La experiencia del PSC con ERC en los tripartitos no avala la jugada, desde luego, pero también es cierto que al secretario general del PSOE le quedan pocas alternativas. Primero, porque su partido carece de mayoría para gobernar en solitario, necesita a ERC. Y, segundo, porque tiene la obligación política y moral de buscar una salida al conflicto creado por los nacionalistas catalanes precisamente en el mejor momento político de Cataluña en los últimos tres siglos.
José Luis Rodríguez Zapatero y Alfredo Pérez Rubalcaba supieron poner el broche final a ETA en las dos legislaturas que van de 2004 a 2011 a un precio que probablemente nunca conoceremos con detalle, pero lo hicieron. Mariano Rajoy gobernó entre 2011 y 2018. Su gestión de la cuestión catalana, con dos consultas populares incluidas, fue tan perezosa y nefasta que desautoriza a su partido a adoptar el papel que ahora le imprime Pablo Casado. Y mucho menos con la recogida de firmas que anuncia, dados los nefastos resultados de esa misma campaña contra un Estatuto que luego sería copiado por varias autonomías gobernadas por populares.
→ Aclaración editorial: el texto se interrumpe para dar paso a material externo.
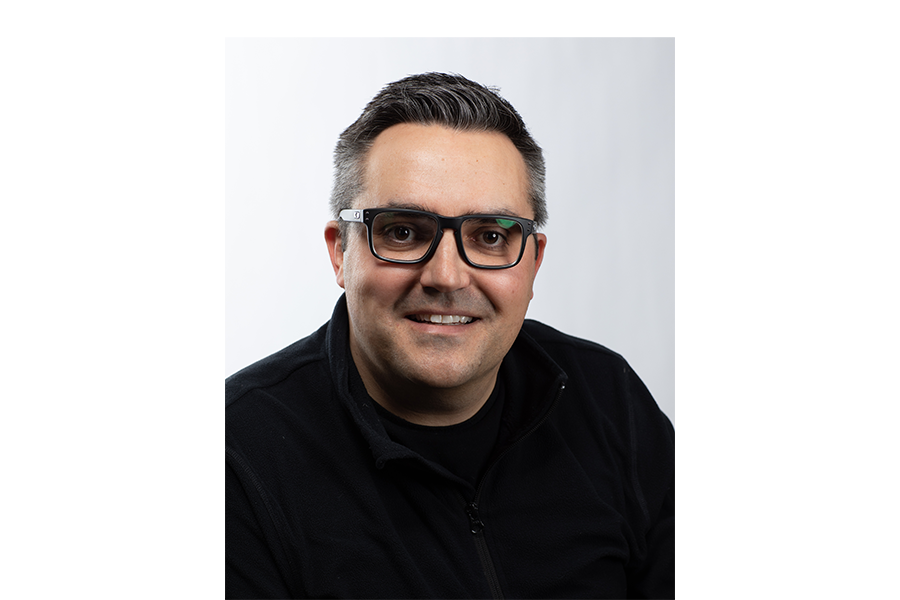 A man with short dark hair and glasses is smiling and wearing a black jacket against a plain white background.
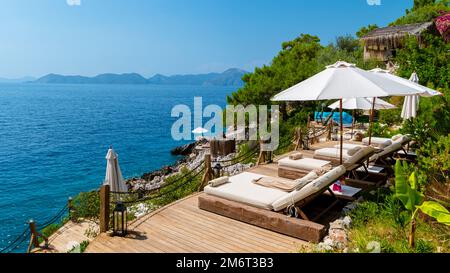 Strandliegen mit weißen Sonnenschirmen mit Blick auf das Meer in der Türkei Stockfoto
Casado tiene todo el derecho a oponerse a los indultos. Incluso es posible que tenga razón, pero debe permitir que otros intenten lo que su partido ni siquiera se planteó, aunque se equivoquen, porque de lo contrario estará dando la razón a quien piensa que su verdadero objetivo es impedir que otro solucione --o encapsule-- el problema y pueda beneficiarse de ese éxito.